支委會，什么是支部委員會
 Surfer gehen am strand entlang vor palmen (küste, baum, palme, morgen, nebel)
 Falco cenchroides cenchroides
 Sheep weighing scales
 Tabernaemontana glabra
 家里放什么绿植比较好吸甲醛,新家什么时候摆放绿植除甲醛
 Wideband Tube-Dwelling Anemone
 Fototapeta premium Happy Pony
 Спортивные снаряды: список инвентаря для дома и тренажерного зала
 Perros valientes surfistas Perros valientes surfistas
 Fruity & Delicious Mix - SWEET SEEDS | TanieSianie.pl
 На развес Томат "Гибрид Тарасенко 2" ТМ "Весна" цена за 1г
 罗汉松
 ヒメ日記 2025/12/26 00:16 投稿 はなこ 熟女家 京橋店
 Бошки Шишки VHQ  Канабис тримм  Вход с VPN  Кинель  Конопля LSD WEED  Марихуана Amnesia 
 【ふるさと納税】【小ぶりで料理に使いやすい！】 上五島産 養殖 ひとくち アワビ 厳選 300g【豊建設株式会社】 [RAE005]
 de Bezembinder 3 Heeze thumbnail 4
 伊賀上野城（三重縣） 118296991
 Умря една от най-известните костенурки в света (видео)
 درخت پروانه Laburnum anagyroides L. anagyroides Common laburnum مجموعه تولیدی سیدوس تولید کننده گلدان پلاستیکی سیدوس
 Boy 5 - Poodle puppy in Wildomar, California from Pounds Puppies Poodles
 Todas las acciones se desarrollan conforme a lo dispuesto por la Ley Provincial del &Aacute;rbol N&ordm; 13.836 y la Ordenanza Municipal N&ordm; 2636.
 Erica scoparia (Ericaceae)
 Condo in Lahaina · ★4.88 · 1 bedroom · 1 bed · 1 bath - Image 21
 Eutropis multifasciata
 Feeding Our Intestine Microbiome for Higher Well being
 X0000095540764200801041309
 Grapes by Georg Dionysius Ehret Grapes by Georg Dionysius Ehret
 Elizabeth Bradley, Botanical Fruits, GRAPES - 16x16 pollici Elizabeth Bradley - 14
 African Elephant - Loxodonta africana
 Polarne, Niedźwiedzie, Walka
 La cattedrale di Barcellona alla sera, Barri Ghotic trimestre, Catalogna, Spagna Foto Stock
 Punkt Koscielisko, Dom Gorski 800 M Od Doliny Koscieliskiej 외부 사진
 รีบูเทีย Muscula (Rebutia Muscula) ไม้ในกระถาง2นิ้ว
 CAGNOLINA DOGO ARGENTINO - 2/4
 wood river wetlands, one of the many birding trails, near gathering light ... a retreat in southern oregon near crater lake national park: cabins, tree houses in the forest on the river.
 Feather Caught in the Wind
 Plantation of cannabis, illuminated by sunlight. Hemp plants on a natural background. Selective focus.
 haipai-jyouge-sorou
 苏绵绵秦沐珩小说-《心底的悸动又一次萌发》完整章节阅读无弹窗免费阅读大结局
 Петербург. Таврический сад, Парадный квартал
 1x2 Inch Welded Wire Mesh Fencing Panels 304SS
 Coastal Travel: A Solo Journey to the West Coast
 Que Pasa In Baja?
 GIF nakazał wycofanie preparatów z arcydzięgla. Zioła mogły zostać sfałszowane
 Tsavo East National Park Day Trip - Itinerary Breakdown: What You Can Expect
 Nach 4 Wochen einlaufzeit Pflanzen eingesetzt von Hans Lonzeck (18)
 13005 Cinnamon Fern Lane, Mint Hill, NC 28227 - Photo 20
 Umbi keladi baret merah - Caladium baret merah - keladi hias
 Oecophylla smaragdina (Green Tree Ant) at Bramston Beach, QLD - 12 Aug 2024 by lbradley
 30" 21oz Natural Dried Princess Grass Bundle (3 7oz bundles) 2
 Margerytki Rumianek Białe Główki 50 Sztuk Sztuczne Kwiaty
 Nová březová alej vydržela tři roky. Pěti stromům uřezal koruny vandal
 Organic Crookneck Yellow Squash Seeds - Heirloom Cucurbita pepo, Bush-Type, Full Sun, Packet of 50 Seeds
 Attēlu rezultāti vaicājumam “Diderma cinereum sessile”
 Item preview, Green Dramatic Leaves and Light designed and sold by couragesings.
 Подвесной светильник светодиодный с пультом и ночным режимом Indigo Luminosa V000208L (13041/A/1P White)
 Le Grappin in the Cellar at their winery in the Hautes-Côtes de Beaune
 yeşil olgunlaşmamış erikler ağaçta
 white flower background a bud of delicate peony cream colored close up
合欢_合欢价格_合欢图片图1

◇ ◇ ◇

▸ Activity
Could you filter the material above and copy each line that holds the word "background"?

▸ Solution for this exercise
 Plantation of cannabis, illuminated by sunlight. Hemp plants on a natural background. Selective focus.
 white flower background a bud of delicate peony cream colored close up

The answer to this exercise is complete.